* [WHAT IS NEEDED] With the pictures left out, print exactly the lines below that run from the one containing "And you can" through the one containing "What's up, you".

[Stored data]

..........

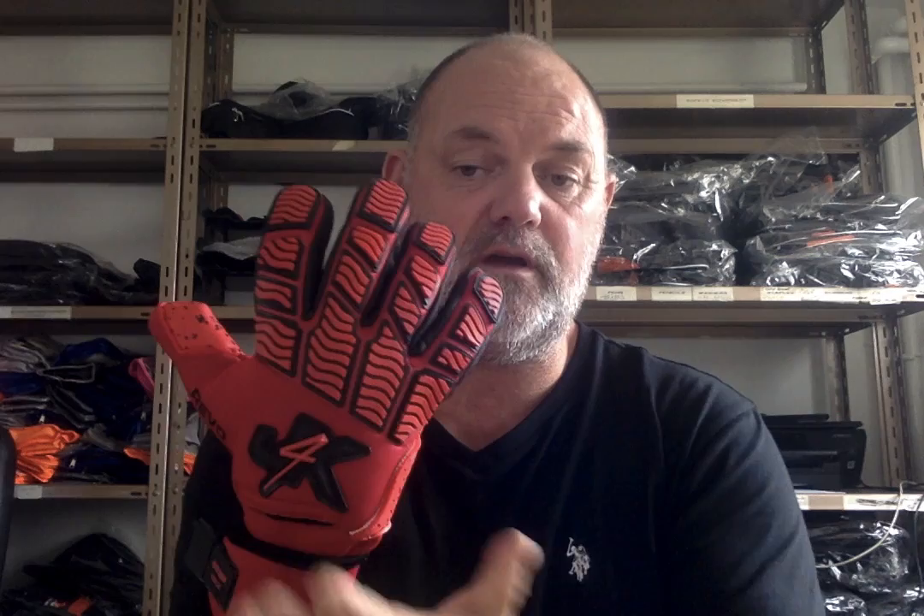It's got the ability to be finger safe, so if you're a finger safe lover, just get the finger spines and put them in — it becomes a finger safe goalkeeping glove. It comes with a neoframe backhand, which allows the hands to breathe. There's nothing worse than wearing goalkeeping gloves with sweaty hands inside. It also comes with a wraparound thumb and silicon prints on the back, which is about 2mm thick.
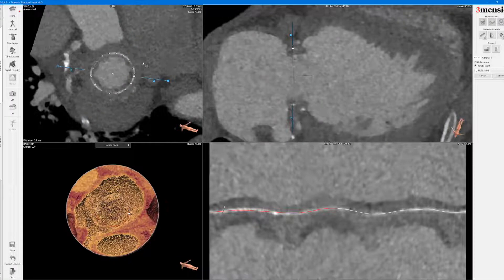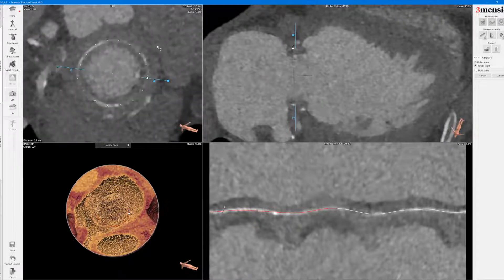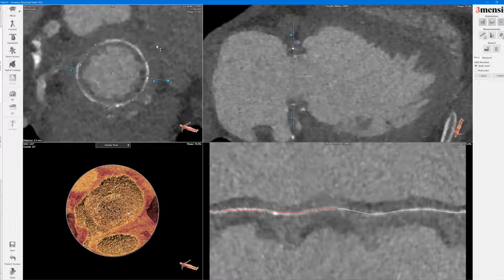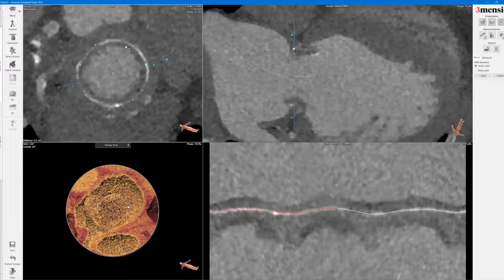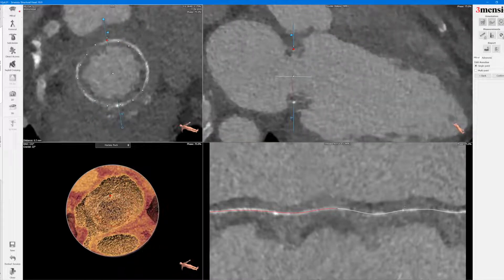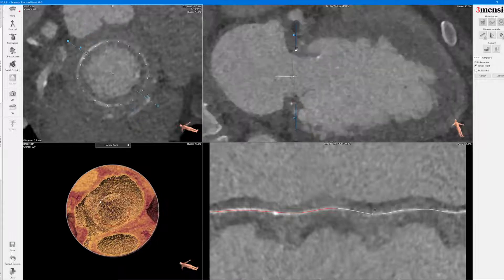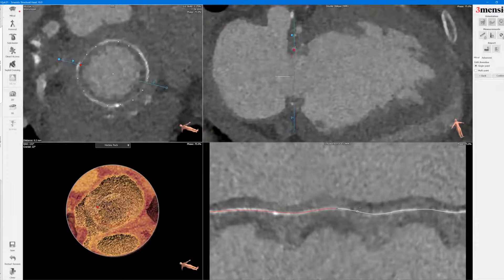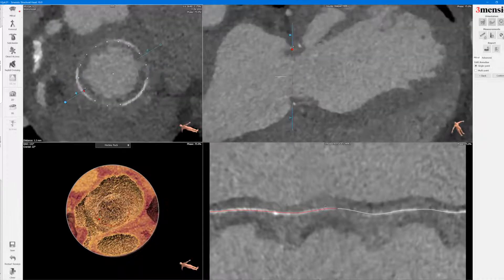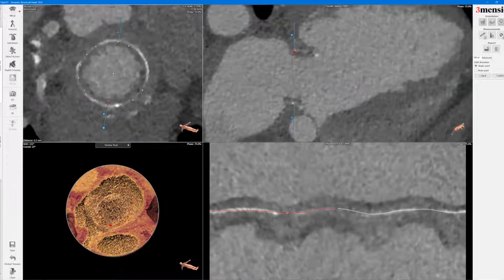And you can see here — this is important — this is the axial view of the surgical valve. What you want to see is that you're at the inner part of the frame. You don't want to overestimate the measurement, so this is where you go on this particular plane to be able to see that you're actually in the inner frame so you size appropriately.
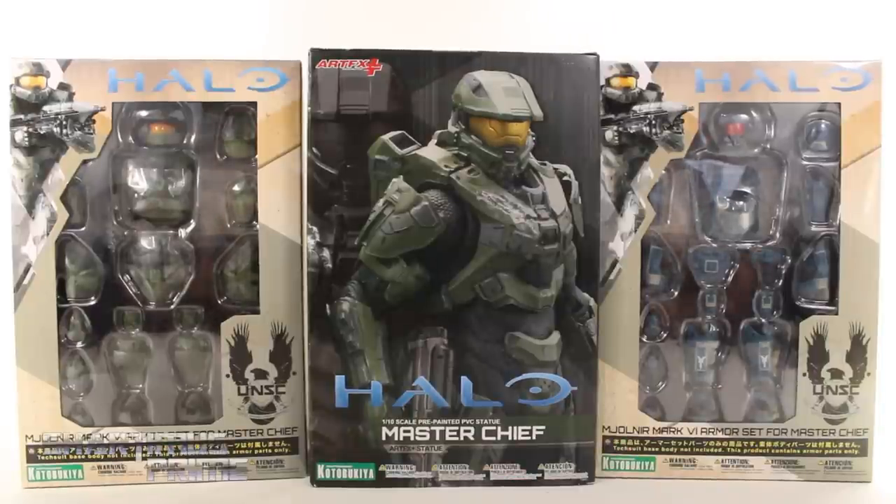What's up, you guys — Shardamist Prime here, doing another Kotobukiya statue review. This is my first review ever on Halo products. Big thanks to Kotobukiya for sending this out my way. If you want to see the latest from Kotobukiya, check the links below.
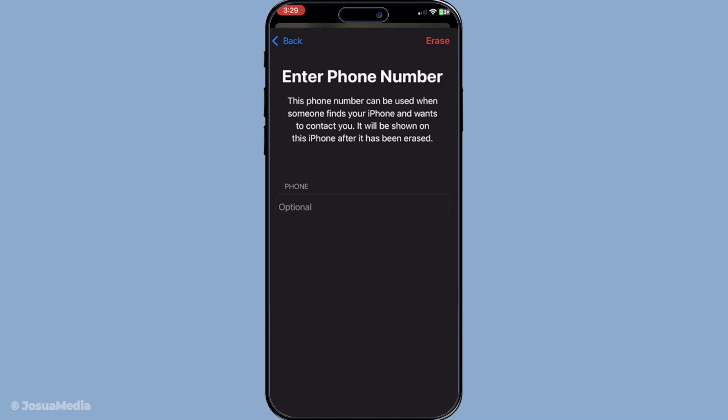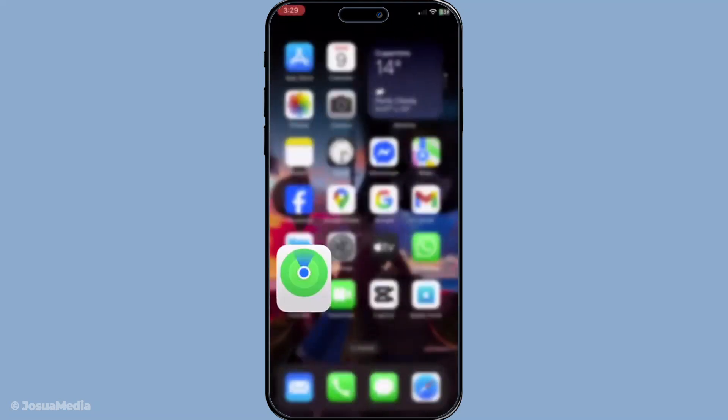And there you have it. By following these straightforward steps, you can easily erase your iPhone using the Find My app, providing peace of mind whether your phone is lost, stolen, or simply being given a fresh start. Remember that while this process is powerful and quick, it should be used carefully. Thank you for watching, and I hope you found this information helpful and easy to follow.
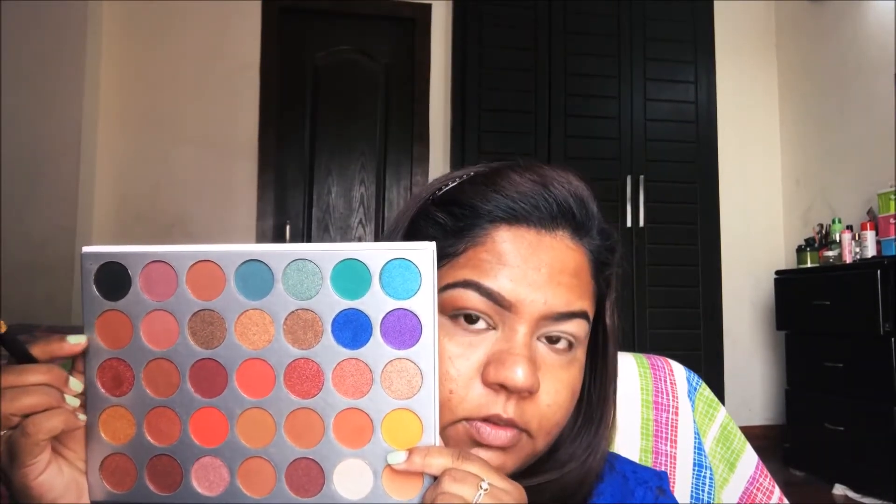Then with the help of a pointed brush I will be taking a dark brown shade from the palette and putting it on the outer one third of my eyes. After that I have taken the black color from the palette and I will be packing that color on the outer one third of my eyes as well.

..........

* [EXERCISE ANSWER]
And you can see here — this is important — this is the axial view of the surgical valve. What you want to see is that you're at the inner part of the frame. You don't want to overestimate the measurement, so this is where you go on this particular plane to be able to see that you're actually in the inner frame so you size appropriately.
What's up, you guys — Shardamist Prime here, doing another Kotobukiya statue review. This is my first review ever on Halo products. Big thanks to Kotobukiya for sending this out my way. If you want to see the latest from Kotobukiya, check the links below.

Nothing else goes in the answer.